[Records from a dataset]
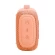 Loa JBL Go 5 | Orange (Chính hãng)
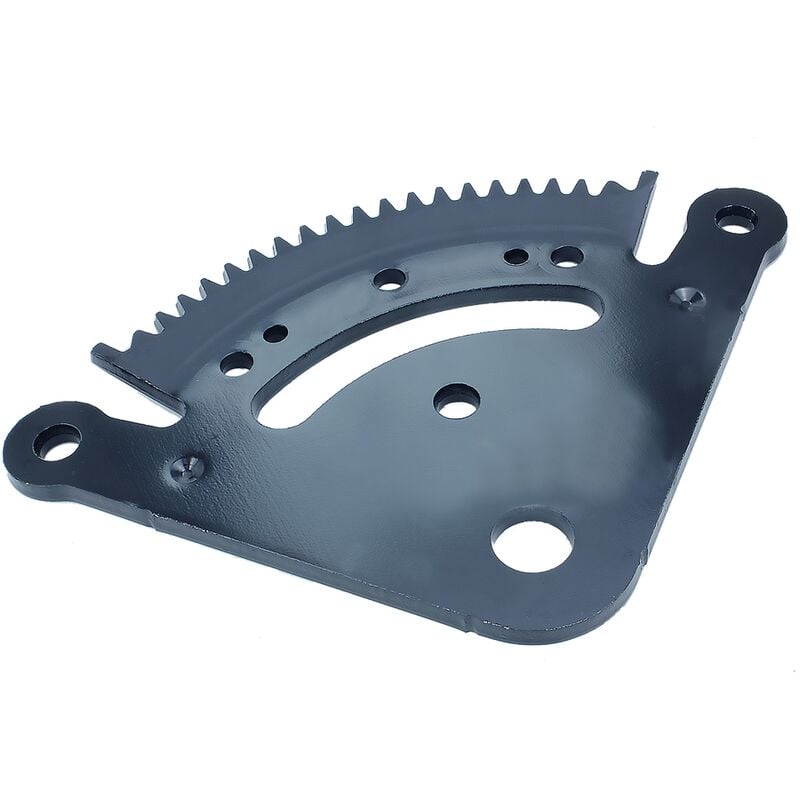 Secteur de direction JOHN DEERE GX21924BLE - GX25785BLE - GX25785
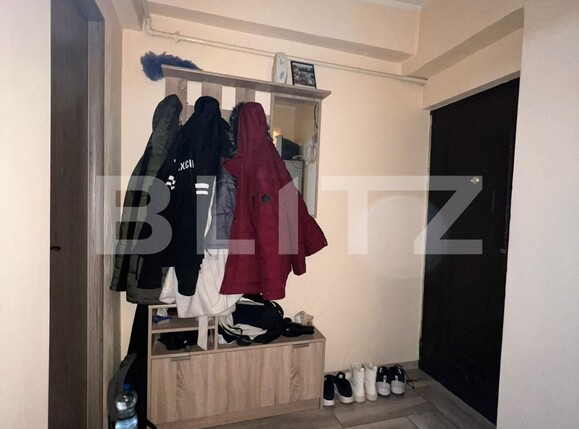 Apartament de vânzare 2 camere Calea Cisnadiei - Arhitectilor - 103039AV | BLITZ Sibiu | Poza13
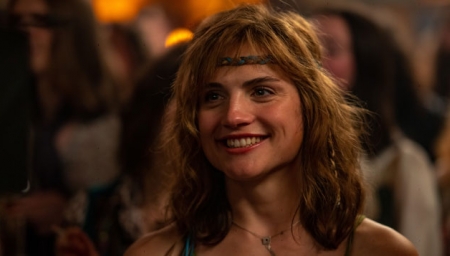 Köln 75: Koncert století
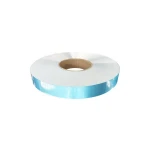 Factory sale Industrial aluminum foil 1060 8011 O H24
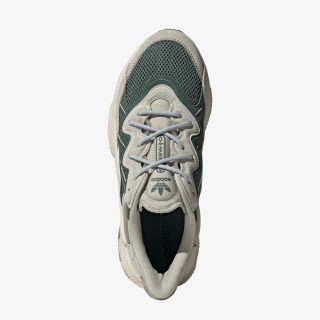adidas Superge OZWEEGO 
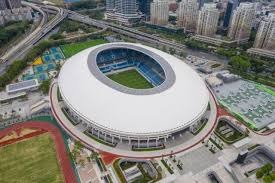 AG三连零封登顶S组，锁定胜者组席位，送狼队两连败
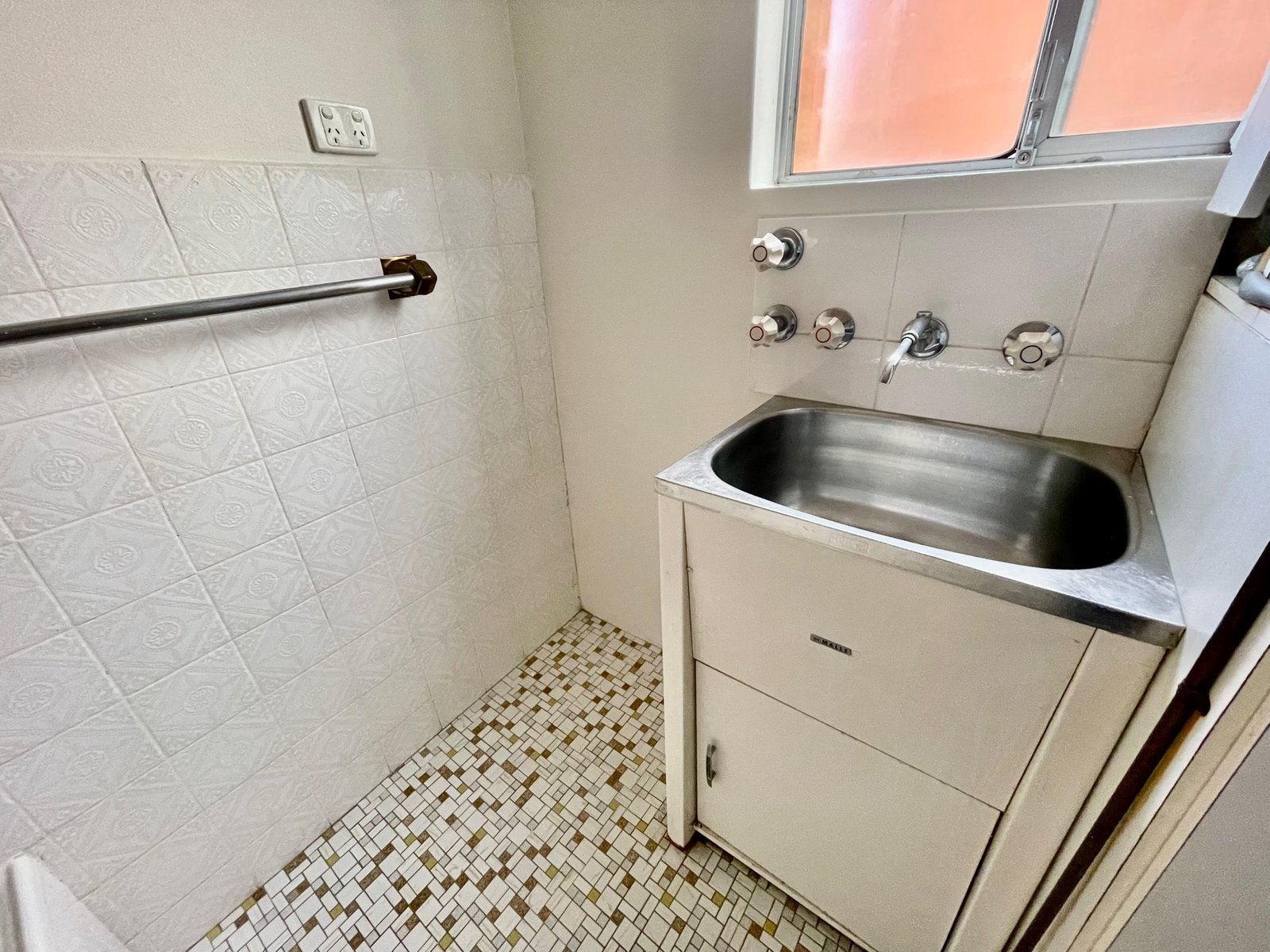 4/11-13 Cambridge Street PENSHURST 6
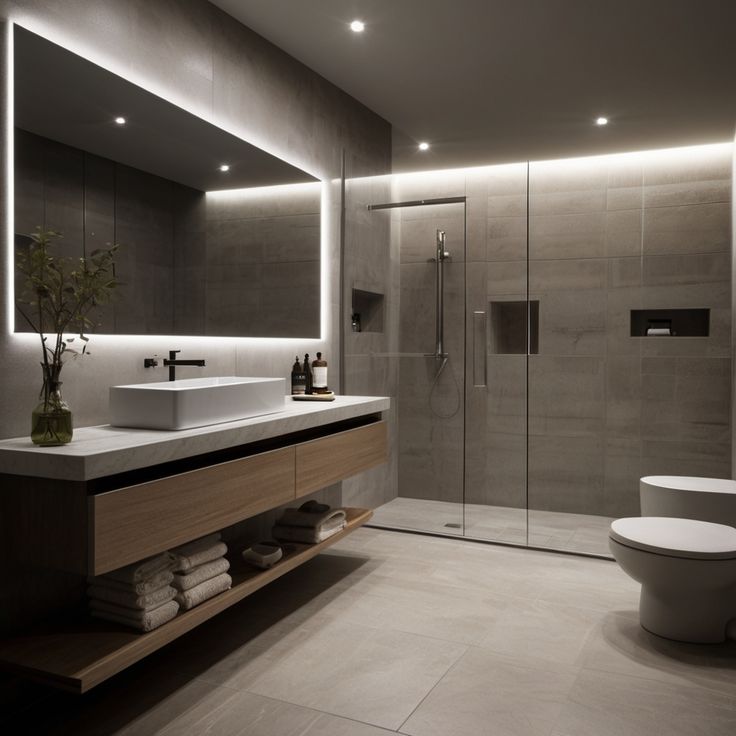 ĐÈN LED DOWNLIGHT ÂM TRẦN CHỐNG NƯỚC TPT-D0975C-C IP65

* **EXERCISE AIM**: Return the records word for word, leaving every picture out of the copy.

* **WRITTEN RESPONSE**:
 Loa JBL Go 5 | Orange (Chính hãng)
 Secteur de direction JOHN DEERE GX21924BLE - GX25785BLE - GX25785
 Apartament de vânzare 2 camere Calea Cisnadiei - Arhitectilor - 103039AV | BLITZ Sibiu | Poza13
 Köln 75: Koncert století
 Factory sale Industrial aluminum foil 1060 8011 O H24
adidas Superge OZWEEGO 
 AG三连零封登顶S组，锁定胜者组席位，送狼队两连败
 4/11-13 Cambridge Street PENSHURST 6
 ĐÈN LED DOWNLIGHT ÂM TRẦN CHỐNG NƯỚC TPT-D0975C-C IP65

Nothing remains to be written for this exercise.